Communication - Press • Events
Michael McGrath reassures business chiefs after ratings agency’s housing warning
The Finance Minister has told executives of French companies active here that the housing crisis is being dealt with, despite “headwinds” due to rising costs, a labour shortage and planning bottlenecks.
Michael McGrath made the comments after rating agency DBRS warned “the housing affordability crisis could make the country a little less attractive to future foreign capital inflows” and could be exacerbated by rising construction costs.
Mr McGrath said the housing shortage was a “problem of success” and that the Government needs “a period of stability and delivery” to solve it.
He pointed to this week’s €1bn mini-budget of subsidies and breaks for developers, which has been paid for largely though departmental underspends.
“I would never understate, in any forum, the scale of the housing challenge we face. Now, it is a problem of success,” he told an event organised by the France Ireland Chamber of Commerce in Dublin.
“We just have a mismatch, at the moment, between supply and demand.
“We have brought a lot of new schemes into being, we have changed a number of them, and now I think we need a period of stability and a period of delivery.
“The Government fully accepts the scale of the challenge.

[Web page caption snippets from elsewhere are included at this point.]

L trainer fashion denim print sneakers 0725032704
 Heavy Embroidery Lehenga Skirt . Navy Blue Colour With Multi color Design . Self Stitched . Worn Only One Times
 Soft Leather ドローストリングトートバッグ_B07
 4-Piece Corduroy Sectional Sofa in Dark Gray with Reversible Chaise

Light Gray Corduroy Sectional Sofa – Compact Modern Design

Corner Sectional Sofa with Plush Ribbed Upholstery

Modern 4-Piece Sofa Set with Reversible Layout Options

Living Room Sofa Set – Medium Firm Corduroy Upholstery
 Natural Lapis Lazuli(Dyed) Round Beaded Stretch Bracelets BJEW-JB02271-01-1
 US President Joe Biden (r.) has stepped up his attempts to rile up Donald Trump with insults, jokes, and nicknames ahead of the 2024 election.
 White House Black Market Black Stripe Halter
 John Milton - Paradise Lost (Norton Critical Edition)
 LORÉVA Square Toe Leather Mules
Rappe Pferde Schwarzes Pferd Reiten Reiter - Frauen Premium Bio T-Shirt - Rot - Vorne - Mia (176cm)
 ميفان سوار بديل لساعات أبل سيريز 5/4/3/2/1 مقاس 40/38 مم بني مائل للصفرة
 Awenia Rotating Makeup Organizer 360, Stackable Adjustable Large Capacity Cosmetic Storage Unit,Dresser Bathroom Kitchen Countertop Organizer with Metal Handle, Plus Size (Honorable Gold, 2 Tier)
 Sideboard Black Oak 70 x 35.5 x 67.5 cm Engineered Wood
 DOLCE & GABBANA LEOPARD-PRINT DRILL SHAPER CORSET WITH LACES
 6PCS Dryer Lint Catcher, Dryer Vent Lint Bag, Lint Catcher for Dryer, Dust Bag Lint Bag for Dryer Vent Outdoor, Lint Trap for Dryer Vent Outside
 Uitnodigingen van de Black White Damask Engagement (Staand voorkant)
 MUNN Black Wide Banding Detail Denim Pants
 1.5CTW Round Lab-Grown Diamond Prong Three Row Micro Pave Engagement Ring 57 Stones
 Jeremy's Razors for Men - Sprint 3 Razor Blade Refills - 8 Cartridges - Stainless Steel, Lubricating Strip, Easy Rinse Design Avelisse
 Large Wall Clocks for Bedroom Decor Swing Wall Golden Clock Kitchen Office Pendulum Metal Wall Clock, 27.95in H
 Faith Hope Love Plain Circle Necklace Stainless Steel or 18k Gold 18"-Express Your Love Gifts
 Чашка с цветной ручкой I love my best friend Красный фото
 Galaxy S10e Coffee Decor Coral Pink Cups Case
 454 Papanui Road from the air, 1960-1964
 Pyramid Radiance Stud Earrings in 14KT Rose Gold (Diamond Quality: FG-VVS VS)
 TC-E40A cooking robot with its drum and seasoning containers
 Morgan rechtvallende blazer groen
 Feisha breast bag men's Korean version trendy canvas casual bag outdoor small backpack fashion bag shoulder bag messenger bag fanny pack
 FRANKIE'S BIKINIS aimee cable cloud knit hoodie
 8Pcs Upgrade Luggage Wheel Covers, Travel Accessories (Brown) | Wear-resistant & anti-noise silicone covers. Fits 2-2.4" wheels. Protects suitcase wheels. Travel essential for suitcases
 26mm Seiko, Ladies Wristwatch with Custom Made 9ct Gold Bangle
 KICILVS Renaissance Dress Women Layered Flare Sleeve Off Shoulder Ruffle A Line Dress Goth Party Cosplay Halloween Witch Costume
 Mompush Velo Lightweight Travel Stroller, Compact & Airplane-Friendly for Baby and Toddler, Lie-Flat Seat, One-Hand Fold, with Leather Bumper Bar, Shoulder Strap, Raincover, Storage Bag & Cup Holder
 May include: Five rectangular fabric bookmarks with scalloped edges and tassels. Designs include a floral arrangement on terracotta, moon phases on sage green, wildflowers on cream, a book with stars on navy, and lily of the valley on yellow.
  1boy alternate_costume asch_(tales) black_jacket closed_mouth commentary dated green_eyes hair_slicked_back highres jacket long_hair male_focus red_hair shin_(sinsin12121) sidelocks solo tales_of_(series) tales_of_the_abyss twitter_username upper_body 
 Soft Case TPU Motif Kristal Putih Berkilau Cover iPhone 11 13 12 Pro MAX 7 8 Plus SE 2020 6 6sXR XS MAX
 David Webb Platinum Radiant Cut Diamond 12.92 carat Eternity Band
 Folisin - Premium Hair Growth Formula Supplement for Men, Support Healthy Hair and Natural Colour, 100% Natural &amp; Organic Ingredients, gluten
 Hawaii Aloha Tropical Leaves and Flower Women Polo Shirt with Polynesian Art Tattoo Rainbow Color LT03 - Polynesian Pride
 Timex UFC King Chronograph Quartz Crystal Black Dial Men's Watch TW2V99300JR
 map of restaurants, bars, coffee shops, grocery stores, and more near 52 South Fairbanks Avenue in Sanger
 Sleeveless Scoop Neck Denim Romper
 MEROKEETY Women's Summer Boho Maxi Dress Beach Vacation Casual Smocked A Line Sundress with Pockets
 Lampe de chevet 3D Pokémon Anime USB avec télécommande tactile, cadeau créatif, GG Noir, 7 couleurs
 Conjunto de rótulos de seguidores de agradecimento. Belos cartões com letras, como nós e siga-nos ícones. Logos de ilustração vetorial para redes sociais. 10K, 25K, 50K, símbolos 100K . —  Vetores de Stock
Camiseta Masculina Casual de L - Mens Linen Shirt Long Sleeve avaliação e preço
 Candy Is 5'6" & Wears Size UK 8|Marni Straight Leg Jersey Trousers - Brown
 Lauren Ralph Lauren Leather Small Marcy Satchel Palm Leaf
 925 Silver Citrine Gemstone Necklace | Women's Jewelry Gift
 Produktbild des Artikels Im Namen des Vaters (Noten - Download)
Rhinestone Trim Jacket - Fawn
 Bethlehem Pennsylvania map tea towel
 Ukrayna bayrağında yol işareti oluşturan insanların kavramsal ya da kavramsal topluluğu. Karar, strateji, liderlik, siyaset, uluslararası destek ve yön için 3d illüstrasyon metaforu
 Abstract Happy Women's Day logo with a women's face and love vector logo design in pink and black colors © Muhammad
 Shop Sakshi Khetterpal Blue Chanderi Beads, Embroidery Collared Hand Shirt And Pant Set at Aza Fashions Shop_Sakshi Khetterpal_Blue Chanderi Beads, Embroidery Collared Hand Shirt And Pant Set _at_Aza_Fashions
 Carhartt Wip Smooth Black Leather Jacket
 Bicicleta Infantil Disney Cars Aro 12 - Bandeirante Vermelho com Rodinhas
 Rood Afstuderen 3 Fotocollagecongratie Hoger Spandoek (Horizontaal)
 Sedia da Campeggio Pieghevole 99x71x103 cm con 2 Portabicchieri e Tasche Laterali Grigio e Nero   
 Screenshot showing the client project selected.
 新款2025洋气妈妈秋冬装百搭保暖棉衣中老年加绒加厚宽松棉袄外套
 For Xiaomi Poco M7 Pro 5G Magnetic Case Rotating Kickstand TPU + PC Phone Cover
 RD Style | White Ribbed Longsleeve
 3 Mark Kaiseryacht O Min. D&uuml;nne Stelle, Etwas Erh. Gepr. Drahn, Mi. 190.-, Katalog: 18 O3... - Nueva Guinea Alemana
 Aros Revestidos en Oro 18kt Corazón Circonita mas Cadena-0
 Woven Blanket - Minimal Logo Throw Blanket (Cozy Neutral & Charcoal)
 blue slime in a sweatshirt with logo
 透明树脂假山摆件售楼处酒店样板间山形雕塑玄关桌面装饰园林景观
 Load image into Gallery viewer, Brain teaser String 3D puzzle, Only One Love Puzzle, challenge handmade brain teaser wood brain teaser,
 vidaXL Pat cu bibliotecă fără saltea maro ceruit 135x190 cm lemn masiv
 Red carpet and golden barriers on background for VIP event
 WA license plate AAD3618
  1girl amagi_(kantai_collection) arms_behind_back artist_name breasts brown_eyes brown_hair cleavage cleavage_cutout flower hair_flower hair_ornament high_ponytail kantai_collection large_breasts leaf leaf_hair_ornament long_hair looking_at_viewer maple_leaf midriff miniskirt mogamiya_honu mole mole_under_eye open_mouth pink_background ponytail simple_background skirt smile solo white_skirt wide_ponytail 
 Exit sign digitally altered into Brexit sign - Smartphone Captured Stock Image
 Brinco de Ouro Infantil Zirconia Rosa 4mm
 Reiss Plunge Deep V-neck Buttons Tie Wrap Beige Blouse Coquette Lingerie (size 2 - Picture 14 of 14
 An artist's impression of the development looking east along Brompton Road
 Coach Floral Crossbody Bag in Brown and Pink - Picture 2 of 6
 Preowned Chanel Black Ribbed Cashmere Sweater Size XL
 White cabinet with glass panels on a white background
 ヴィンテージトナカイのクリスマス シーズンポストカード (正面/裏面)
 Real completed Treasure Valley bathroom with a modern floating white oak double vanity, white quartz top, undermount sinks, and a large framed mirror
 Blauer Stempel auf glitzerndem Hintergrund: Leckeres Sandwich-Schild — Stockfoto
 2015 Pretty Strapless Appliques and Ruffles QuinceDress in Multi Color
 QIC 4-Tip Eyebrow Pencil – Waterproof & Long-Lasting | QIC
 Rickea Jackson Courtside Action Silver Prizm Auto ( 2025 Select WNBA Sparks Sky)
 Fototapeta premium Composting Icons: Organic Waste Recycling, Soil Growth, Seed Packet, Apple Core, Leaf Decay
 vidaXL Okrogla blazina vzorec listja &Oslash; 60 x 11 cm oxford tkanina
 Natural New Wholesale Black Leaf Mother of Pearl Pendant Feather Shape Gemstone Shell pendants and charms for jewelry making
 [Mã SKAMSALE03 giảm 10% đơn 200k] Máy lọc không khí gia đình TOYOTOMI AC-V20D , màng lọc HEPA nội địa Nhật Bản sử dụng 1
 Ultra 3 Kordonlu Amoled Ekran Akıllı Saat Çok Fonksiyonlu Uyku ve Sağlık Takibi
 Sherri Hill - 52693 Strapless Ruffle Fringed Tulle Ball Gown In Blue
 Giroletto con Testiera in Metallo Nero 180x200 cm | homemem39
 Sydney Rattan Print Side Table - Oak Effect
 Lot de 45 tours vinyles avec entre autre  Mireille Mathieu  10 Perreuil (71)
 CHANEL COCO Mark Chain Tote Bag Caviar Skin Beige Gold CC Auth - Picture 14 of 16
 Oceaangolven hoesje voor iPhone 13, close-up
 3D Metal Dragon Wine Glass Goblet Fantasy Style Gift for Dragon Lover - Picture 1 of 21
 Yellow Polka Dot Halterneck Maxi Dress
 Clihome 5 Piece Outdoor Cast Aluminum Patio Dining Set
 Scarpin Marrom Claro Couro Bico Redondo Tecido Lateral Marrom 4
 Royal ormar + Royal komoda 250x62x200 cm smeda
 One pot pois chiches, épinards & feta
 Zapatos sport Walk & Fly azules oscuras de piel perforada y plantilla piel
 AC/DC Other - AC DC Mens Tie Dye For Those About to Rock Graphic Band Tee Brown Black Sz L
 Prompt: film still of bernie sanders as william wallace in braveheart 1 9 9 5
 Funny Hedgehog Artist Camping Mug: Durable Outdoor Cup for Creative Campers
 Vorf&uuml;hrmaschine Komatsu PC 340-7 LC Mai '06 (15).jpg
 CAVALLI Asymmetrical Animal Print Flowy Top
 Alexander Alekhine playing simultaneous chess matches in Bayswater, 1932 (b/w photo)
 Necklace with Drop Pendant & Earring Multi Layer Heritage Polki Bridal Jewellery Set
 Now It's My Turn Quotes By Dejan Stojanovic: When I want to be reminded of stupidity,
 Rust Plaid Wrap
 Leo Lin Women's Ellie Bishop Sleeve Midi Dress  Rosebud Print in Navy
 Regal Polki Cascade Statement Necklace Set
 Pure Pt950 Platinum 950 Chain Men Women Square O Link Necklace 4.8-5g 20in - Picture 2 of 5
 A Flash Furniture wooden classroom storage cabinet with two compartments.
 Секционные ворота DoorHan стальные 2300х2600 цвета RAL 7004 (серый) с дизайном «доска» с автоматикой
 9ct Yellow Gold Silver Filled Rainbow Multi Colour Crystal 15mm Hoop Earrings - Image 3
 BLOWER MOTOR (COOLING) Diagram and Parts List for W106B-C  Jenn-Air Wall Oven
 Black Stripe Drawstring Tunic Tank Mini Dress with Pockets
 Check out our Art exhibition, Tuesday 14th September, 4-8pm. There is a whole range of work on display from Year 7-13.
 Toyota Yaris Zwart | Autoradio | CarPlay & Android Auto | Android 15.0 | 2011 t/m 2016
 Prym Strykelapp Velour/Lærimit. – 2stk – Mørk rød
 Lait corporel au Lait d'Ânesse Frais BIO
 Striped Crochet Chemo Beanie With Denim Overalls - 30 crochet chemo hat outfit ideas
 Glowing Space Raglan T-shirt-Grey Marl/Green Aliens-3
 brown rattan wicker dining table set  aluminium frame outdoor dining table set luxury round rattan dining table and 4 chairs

But it is a function of a very successful economy, a growing population, and we will do everything we possibly can to meet that challenge.”
Figures out this week show new dwelling completions in the first three months of 2023 were 19pc ahead of last year, with apartment building at an all-time high and completions topping more than 30,000 last year for the first time since the last financial crisis.
Commencements – which indicate the scale of future activity – were up by around two-thirds between February and March, according to Housing Agency figures.
But Goodbody chief economist Dermot O’Leary said the high costs of building are a “constraint” and said falling planning permissions indicate “progress may be stalling”.
“Completions are likely to come in at circa 29,000 this year, but early indications suggest a decline in 2024. This leaves housing output substantially below housing requirements,” he said.
Mr McGrath said new measures announced – subsidies for cost rental apartments, a waiving of development levies for new builds and increased grants for renovating vacant and derelict properties – “will add further impetus to supply” and “improve affordability”.